Talking Point  

Multi-assets best way to hedge against Middle east geopolitical risks

Multi-assets best way to hedge against Middle east geopolitical risks

Multi-asset funds remain the most popular way to hedge against geopolitical risks such as the Middle East Crisis, according to a latest FTAdviser Talking Point poll. 

The poll asked advisers the following question: “What type of global fund is safest in light of Middle East tensions?”

Almost one in two (47 per cent) said investing in multi-asset funds was the best approach to hedge against geopolitical risks. 

Another 41 per cent said investing in various exchange traded funds could reduce risks, so long as the ETF contains a diverse range of asset classes. 

No adviser recommended thought investing in futures would reduce risks, while about 11 per cent recommended investing in mutual funds as a way to protect their exposure from market volatility 

Global markets have faced a high degree of turmoil recently after the US killed Iranian commander General Soleimani on January 3. 

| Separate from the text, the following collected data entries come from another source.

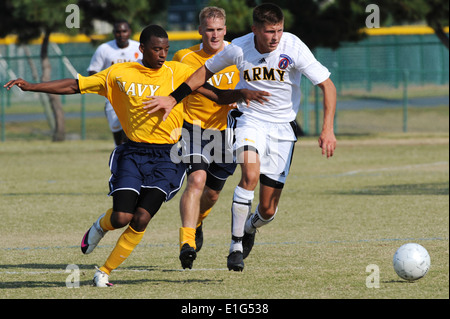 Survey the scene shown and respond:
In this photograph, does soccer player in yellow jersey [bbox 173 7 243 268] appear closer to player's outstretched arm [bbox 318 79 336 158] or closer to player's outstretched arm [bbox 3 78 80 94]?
player's outstretched arm [bbox 318 79 336 158]

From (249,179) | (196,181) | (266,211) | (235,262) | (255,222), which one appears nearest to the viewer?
(235,262)

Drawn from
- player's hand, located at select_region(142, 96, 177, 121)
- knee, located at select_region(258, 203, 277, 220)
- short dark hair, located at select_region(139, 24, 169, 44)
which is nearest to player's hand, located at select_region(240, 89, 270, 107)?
player's hand, located at select_region(142, 96, 177, 121)

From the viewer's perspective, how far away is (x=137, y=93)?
7027 mm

Iran subsequently conceded that it shot down the Ukrainian International Airlines passenger that came down last week shortly after take-off from Tehran, defying initial claims that the flight came down due to technical failure. 

Global crude, a key commodity and indicator of economic health may also be affected due to ongoing tensions, as much of the world’s oil supply goes through the Strait of Hormuz, and growing tensions could lead to lower supply and higher prices, prompting concerns on how investors can protect portfolios. 

Matthieu Guignard, global head of product development and capital markets at Amundi ETF, Indexing and Smart Beta, said: "In a context characterised by high geopolitical risk, allocating defensively could help reduce portfolio volatility.”

He explained investors could opt for ETFs to add some factor exposure to their equity allocation, by selecting the most defensive factors such as Min Volatility or Quality, that can help reduce the impact of market volatility on portfolio performance.

Mr Guignard added: “In fixed income they can turn to short maturities and US Treasuries or, if they fear some inflation risk due to a potential rise in oil prices, they could decide to select floating rate notes ETFs.”

Sanjiv Shah, chief investment officer at Sun Global Investments explained multi-asset funds are useful in mitigating risks because they usually tend to have exposure to 2-4 asset classes. 

"The Middle East tensions may cause equities to fall but in a balanced [multi-asset] fund bonds may go up especially if there is exposure to commodities.”